DIY Arduino Powered Soldering Extraction Fan

Arduino Fan

This article will show you to build a DIY soldering extraction fan (to ventilate fumes) using an Arduino and a temperature sensor to activate the fan when the soldering iron is hot.

Before you read this, why not open up my other projects in some new tabs for further reading when you’re done?

The Project

A thoughtful commenter on a previous article suggested I get an extraction fan to use while I solder.

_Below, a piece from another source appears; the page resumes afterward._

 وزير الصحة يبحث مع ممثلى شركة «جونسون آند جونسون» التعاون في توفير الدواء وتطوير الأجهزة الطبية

Bringing to attention the fact that:

  • I suck at soldering and burn more solder than is probably safe
  • I don’t have a proper work area

They were probably unaware of the fact that:

  • I’m too lazy and/or forgetful to actually turn on any extraction fan that’s present.
  • I didn’t inhale

Anyway, a technical solution is in order. After setting up a new work area with a soldering mat, I got to work on building an automatic extraction fan.

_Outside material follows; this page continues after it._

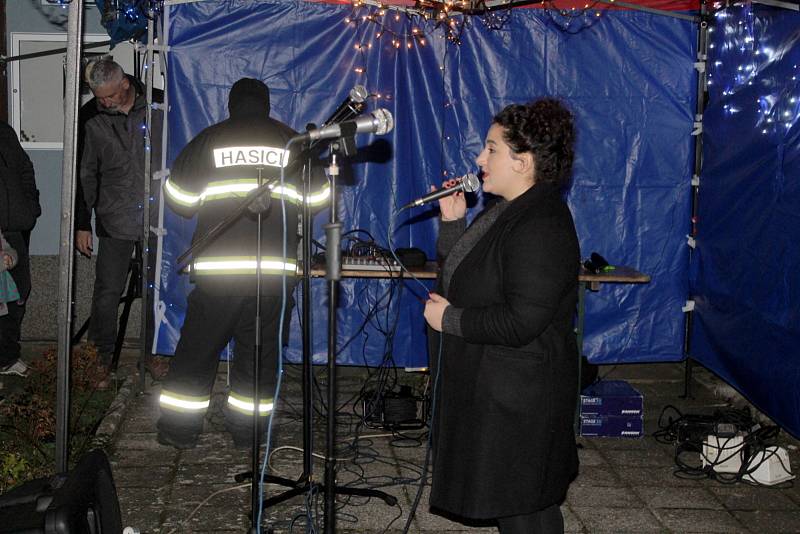 Z loňské akce hasičské peklo před hasičárnou v Městci Králové.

The aim is to have a fan that will switch itself on when I start soldering by reading a temperature change.

The Parts

Electronic Parts

Electronic parts – some are a bit worse for wear, but they work!

  • 10mm Plastic tube
  • 10mm 5v USB powered fan
    • 5v USB bus-powered fan because I want to power it from the Arduino if possible
    • A standard 12v PC fan wouldn’t suit unless I added a 12v power supply
  • Arduino (mine’s some kind of clone, but it says ‘Pro Micro’ on it and identifies itself as an Arduino Leonardo)
    • As you can see, this Arduino has seen better days – it’s been wrenched off of various things and re-used, but it still works
  • DHT11 Sensor – it senses temperature and humidity, and it’s cheap
  • MOSFET – this allows you to turn the power to the fan on/off from an Arduino pin – it’s basically a switch you can toggle by changing the voltage on the control pin
  • Resistor
  • I had originally planned to use an LED but instead replaced it with a push button to allow for manually turning the fan on
    • There was limited room on the breadboard I was using to have both, and the Arduino has an LED on it anyway.
  • Arduino IDE for Linux was used to write the code and load it onto the Arduino.
  • Fritzing was used to make the circuit diagram shown below

All in all, there’s maybe 25 bucks worth of stuff here, so it makes for a good weekend project.

Work area

Cluttered work area

The Build

There’s not a lot to be said for the design of this – Various cylindrical scrap objects from my flat were tried in series until I found some that could be taped together to secure the fan to the plastic tube.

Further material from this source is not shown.